Malhaejuji motaetdeon geu mal saranghae… (Kata-kata yang tak dapat kukatakan padamu “aku mencintaimu”)
Chama naeji motaetdeon geumal (Kata-kata yang tak dapat membawa diriku untuk mengungkapkan)
Na jeonhajido motan chae tto tteona (Tanpa kesempatan untuk mengatakannya)
I jarie honja dugo meoreojine (Kamu meninggalkanku sendiri disini dan pergi jauh)

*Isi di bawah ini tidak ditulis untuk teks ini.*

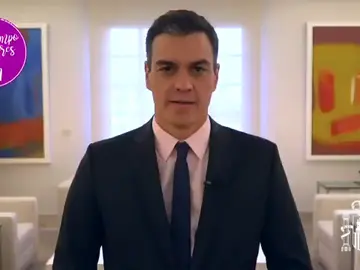 Sánchez reivindica que "es tiempo de mujeres" frente a quienes quieren "arrebatar" sus derechos Sánchez reivindica que "es tiempo de mujeres" frente a quienes quieren "arrebatar" sus derechos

Gidaril su bakke nan… (Semua yang kulakukan adalah menunggu)
Nun gamabol su bakke na… (Semua yang kulakukan adalah menutup mataku)
I goseseo na meomchwoseoseo (Dan aku terhenti disini)
Aswiumman namgin chae neo meoreojindaedo (Kamu telah pergi jauh dan hanya meninggalkan penyesalan)
Du soneul moeun chae malhae (Mengatakannya dengan kedua mata tanganmu)
Maeumeuro malhaebonda geudae jigeum (Aku mengatakannya dengan pikiranku)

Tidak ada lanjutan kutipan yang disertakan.